**Task details:**
Leaving out all pictures, transcribe the lines below exactly, from the first through the line containing "In dynamic CMOS".

══ Data in this exercise ══

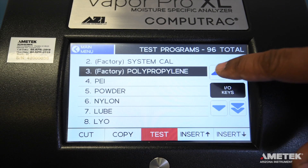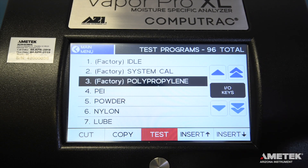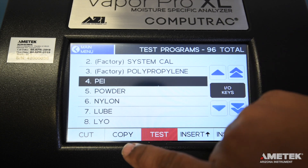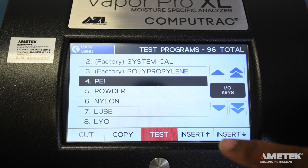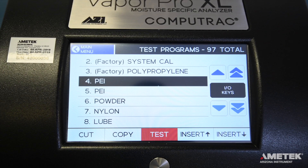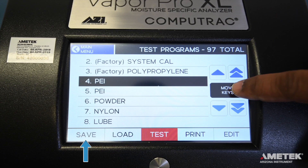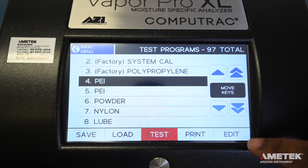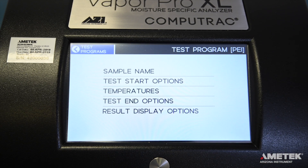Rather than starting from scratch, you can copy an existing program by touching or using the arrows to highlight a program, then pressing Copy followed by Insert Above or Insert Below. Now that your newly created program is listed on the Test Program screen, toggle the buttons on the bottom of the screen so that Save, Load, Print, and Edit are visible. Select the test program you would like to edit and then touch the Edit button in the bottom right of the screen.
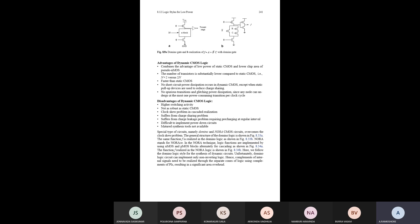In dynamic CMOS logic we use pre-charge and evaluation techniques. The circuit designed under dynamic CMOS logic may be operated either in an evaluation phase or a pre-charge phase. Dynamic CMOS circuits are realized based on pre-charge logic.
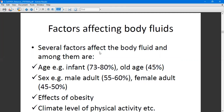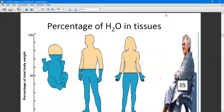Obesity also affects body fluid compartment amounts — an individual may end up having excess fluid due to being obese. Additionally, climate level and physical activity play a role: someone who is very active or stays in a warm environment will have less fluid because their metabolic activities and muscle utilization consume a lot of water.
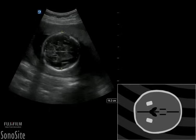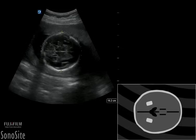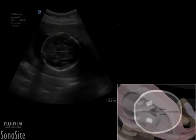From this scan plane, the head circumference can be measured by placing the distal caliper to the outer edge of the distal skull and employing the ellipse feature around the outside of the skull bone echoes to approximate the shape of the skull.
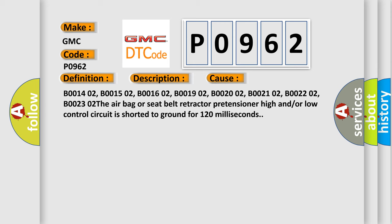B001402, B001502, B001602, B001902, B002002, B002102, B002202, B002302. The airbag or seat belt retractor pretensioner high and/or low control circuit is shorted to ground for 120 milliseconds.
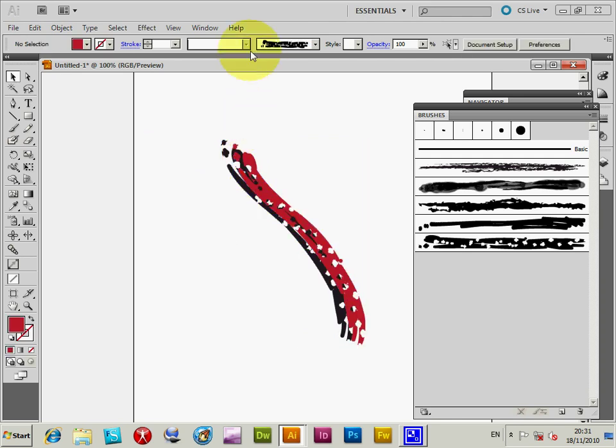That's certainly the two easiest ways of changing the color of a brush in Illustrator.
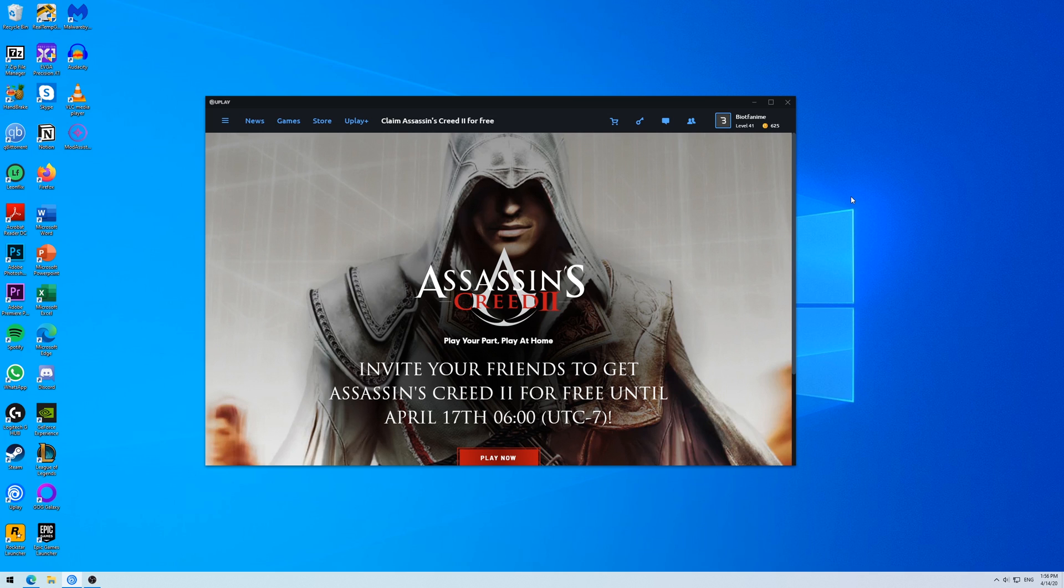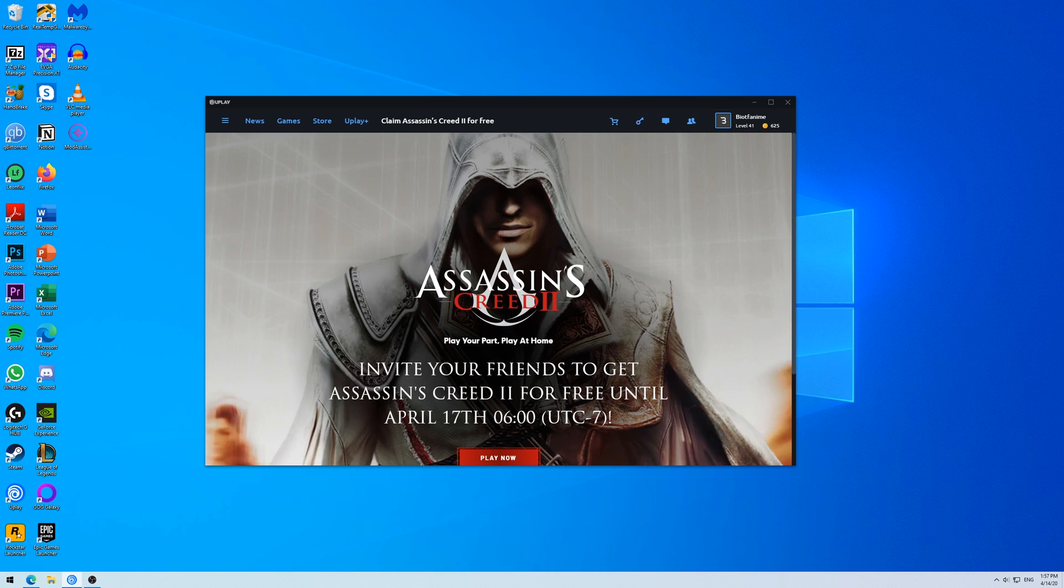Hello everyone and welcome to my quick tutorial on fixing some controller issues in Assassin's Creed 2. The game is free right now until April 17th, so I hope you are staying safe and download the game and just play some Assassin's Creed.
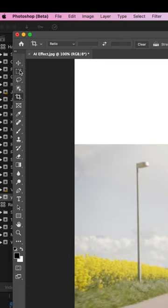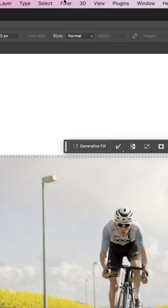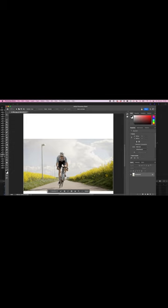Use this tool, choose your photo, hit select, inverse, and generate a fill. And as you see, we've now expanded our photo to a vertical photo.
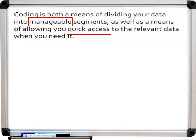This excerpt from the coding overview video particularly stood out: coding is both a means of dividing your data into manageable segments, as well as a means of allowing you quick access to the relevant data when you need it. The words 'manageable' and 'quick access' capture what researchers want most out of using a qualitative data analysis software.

═══

**Reply:**
Rather than starting from scratch, you can copy an existing program by touching or using the arrows to highlight a program, then pressing Copy followed by Insert Above or Insert Below. Now that your newly created program is listed on the Test Program screen, toggle the buttons on the bottom of the screen so that Save, Load, Print, and Edit are visible. Select the test program you would like to edit and then touch the Edit button in the bottom right of the screen.
In dynamic CMOS logic we use pre-charge and evaluation techniques. The circuit designed under dynamic CMOS logic may be operated either in an evaluation phase or a pre-charge phase. Dynamic CMOS circuits are realized based on pre-charge logic.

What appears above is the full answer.